» **Raw data**
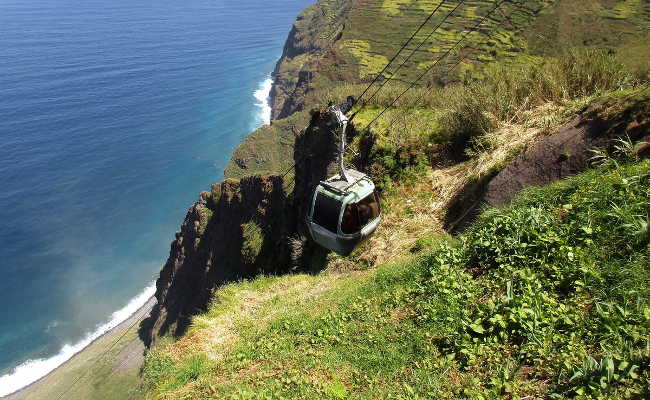 Seilbahn nach dem Canyoning Madeira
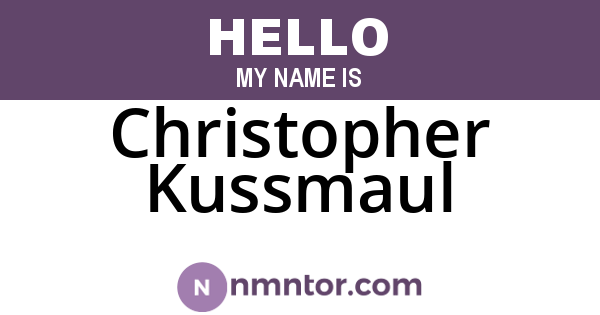 Christopher Kussmaul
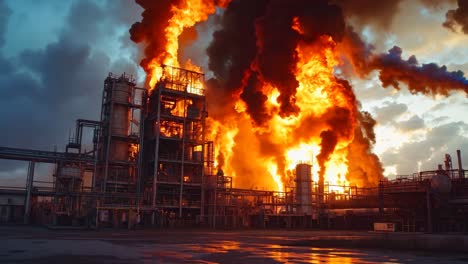 una gran planta industrial con un gran fuego en el fondo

» **Problem statement**
What the task needs is the material above repeated exactly, pictures excepted.

» **Result of this exercise**
 Seilbahn nach dem Canyoning Madeira
 Christopher Kussmaul
 una gran planta industrial con un gran fuego en el fondo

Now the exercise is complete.